■ **Available data**:
* * *
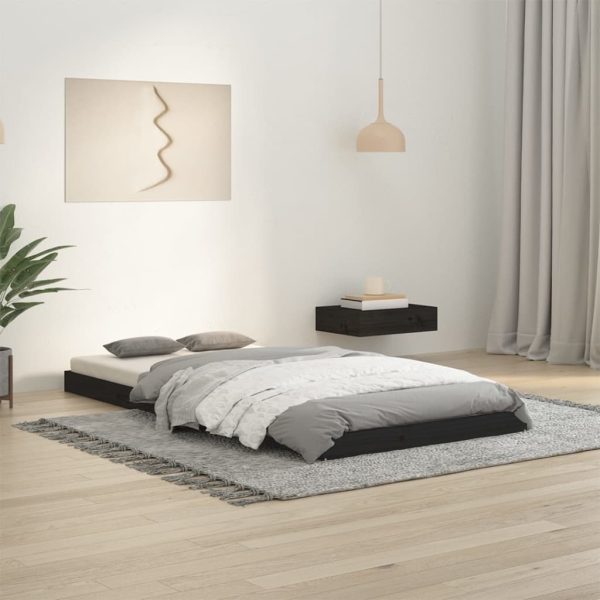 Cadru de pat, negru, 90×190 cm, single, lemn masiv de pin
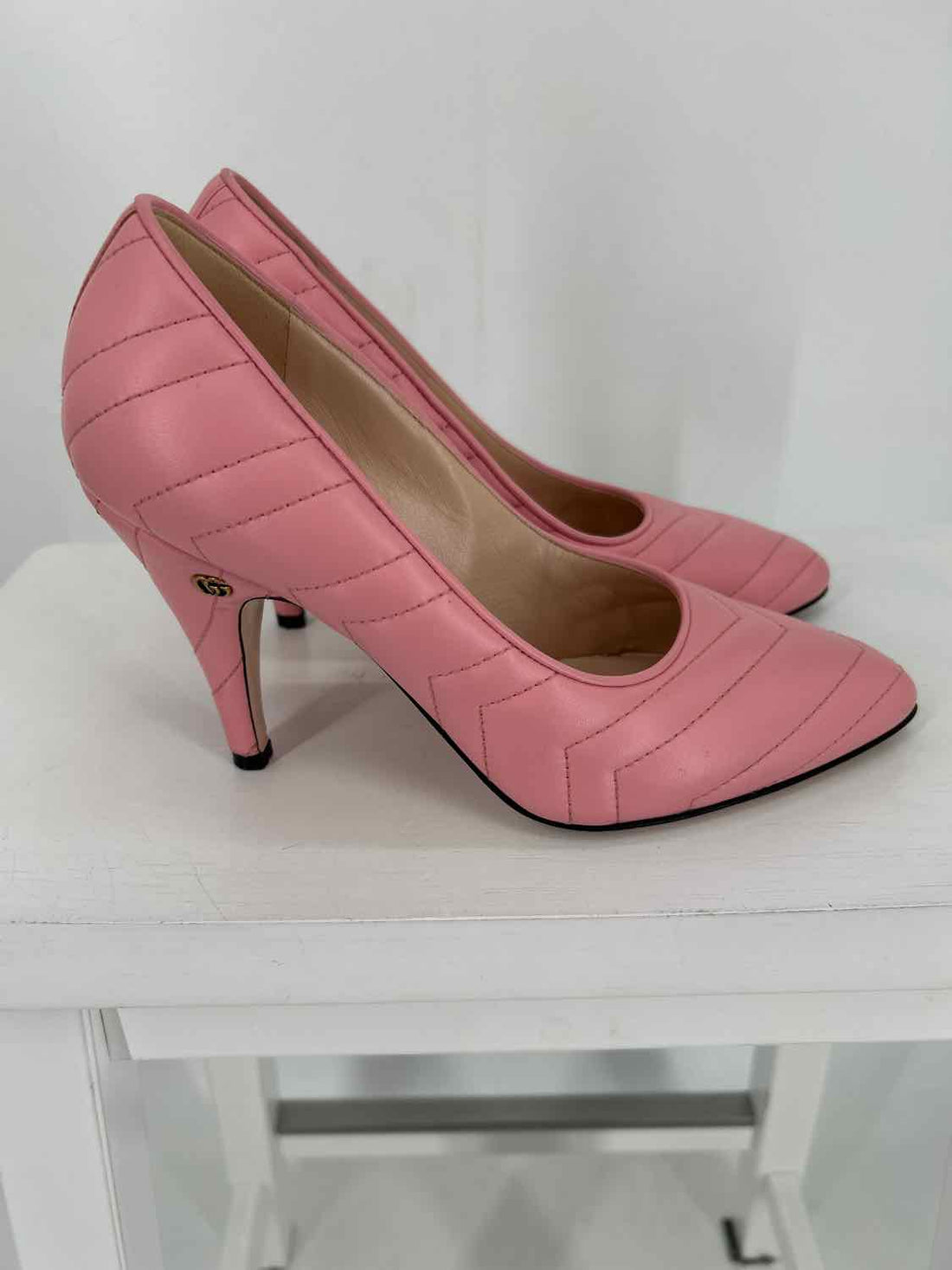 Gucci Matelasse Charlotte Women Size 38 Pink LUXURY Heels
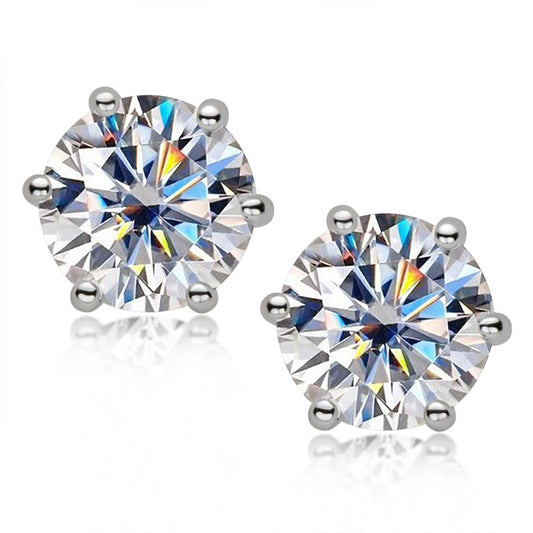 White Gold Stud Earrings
* * *
■ **Problem statement**: Only the pictures are to be dropped; all other material above must be repeated exactly.

■ **Result of this exercise**:
 Cadru de pat, negru, 90×190 cm, single, lemn masiv de pin
 Gucci Matelasse Charlotte Women Size 38 Pink LUXURY Heels
 White Gold Stud Earrings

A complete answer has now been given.